Augustus Brandegee (July 12, 1828 – November 10, 1904) was an American lawyer and politician who served in the United States House of Representatives from Connecticut.

Early life
Brandegee was born in New London, Connecticut. He was the son of John Brandegee and Mary Ann Deshon Brandegee.  His father was from a Connecticut family, and relocated to New Orleans cotton broker; he later returned to New London and became active in the whaling industry and other business ventures. Brandegee was educated at Union Academy in New London and Hopkins Grammar School in New Haven.

In 1845 Brandegee entered Yale University, where he was elected membership to Delta Kappa Epsilon and Skull and Bones. He graduated in 1849, and then began studying at Yale Law School.  Brandegee completed his legal studies in the office of Andrew C. Lippitt in 1850, was admitted to the bar in 1851, and began to practice in partnership with Lippitt.

Brandegee was elected to the Connecticut House of Representatives in 1854. Although a young member of the House, he was selected as a member of the important judiciary committee. He was also chairman of the select committee to manage the "bill for the defense of liberty," which was aimed at preventing the enforcement of the Fugitive Slave Law in Connecticut. Later, Brandegee chaired the committee which oversaw passage of Connecticut's version of the Maine liquor law, which prohibited the sale of alcoholic beverages.

From 1857 to 1859, Brandegee served as Judge of New London's city court. During this time he became a popular speaker in favor of abolishing slavery, and he delivered speeches at locations throughout Connecticut. In 1860, he was chosen as one of Connecticut's electoral college members, on the Republican ticket headed by former Governor Roger Sherman Baldwin; Abraham Lincoln carried Connecticut, and the electors cast their ballots for Lincoln for president and Hannibal Hamlin for vice president.

Brandegee was again elected to the Connecticut House as a Republican in 1858. He was reelected in 1859, but declined the office because of the death of his father. The following year he was elected to the House again, this time being chosen as Speaker of the House. During this first "War" session of the House, Brandegee managed to keep favor with both Democrats and Republicans. At the end of the year, fellow Bonesman and the leader of the Democrats in the House, Henry C. Deming presented him with a silver service as a token of appreciation for his impartiality.

At the start of the Civil War, Brandegee was active in supporting the Union cause. He traveled all over Connecticut addressing meetings, raising troops and arousing public sentiment.

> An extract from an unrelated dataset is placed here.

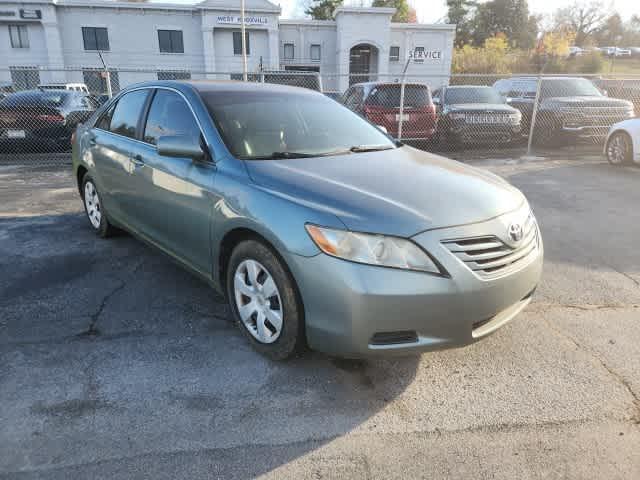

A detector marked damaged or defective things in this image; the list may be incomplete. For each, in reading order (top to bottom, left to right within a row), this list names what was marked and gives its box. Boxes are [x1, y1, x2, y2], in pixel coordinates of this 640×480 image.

pavement crack [540, 316, 640, 426]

United States House of Representatives
In 1862 he was elected to Congress from the 3rd district of Connecticut. Although the youngest member of the House, he was selected as a member of the House Committee on Naval Affairs, and later the Military Affairs Committee. Brandegee was also on the Committee on Naval Accounts, and Chairman of a Special Committee on constructing a post office and military route from New York City to Washington, D.C.

Respected as an ardent abolitionist as well as a friend of President Abraham Lincoln, he and a fellow Representative, Democrat James E. English of New Haven voted in favor of the momentous 13th Amendment in 1864 that outlawed slavery; Steven Spielberg's 2012 film Lincoln erroneously depicts them as two Connecticut Democrats with fictional names voting against the amendment.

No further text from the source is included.